In the last few days, the world has seen a morass of chocolate-related news. The New Yorker has a story on the hippie-go-lucky founders of Dagoba Chocolate, the popularity of which has surged on a reemergence of interest in natural cacao. Artist Cosimo Cavallaro has just opened a gallery show in the Chelsea neighborhood of New York featuring life-size statues of nine religious figures — in chocolate (witness “My Sweet Lord,” a massive chocolate Jesus.) Some teenager in Britain has made news by creating a booming chocolate company out of his house in Shropshire, just by thinking up peculiar flavor combinations.
And yet, the New York Times reports this week that Hershey’s profits have plummeted by almost two-thirds, and Cadbury Schweppes has moved its chocolate production from England to Poland, and plans to cut over 7,500 jobs in the process.
What’s going on with chocolate? And what does it mean for entrepreneurs like the British teenager?
Most successful entrepreneurs are adept at finding a niche unfilled, and filling it with a great product or service. However, there’s another brand of entrepreneurship that requires a little less originality and a little more knowledge of zeitgeist: re-doing a corporate product, and making it trendy. As the New Yorker says in its piece about Dagoba, consumers are becoming increasingly interested in “artisanal” foods, and chocolate is one of the hottest.
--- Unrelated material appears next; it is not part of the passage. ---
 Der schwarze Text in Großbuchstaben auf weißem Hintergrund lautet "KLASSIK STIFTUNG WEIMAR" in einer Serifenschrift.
Interestingly, plenty of large-scale food and beverage producers have yet to realize that they are serving increasingly health-conscious customers. Yes, we live in times of epidemic obesity, but let’s not underestimate humanity. When human beings see a negative trend, we slowly work to reverse it. It’s happening with global warming now. More quietly, it’s happening with food.
The remarkable success of chains like Whole Foods and Trader Joe’s indicate a paradigm shift on a macro level, but consumers are becoming increasingly picky on a food-by-food basis, too. I firmly believe that one of the reasons Red Bull consistently outsells its cheaper copycat beverages is that it doesn’t use high fructose corn syrup, the sweetener found in regular soda. People increasingly read the labels on the foods they ingest, especially with the Chinese-ingredient poison scares in pet food and toothpaste.
Hence the troubles at Cadbury and Hershey’s. Their chocolate (while often delicious) is of poor quality — far less than the 70% cacao content of boutique chocolates like Dagoba, and lacking in antioxidants. Their candy is also subject to that mysterious chemical processing that prevents M&Ms from melting in your hand, or spoiling on a shelf after 9 months. Chocolate with high cacao content actually doesn’t spoil easily, but cheaper milk chocolate should. People know that a year-old package of Reese’s Pieces shouldn’t taste okay, but it does. And it’s starting to make them uneasy.
Until the big companies really get wise to consumers’ changing tastes, there is an increasing opportunity for small-scale, health-oriented companies to make a killing selling foods with comprehensible ingredients. It’s happening with soda, potato chips, and yes, chocolate. It’s only a matter of time before it happens with other junk food staples.
But there’s not much time. Dagoba Chocolate was recently acquired by Hershey’s, indicating that the behemoths aren’t as out of touch as they seem. Are natural foods startups doomed, as the big boys muscle in? In 20 years, will we be back to the same big companies — Coca-Cola, Hershey’s, Frito-Lay — just under smaller, nichey brand names?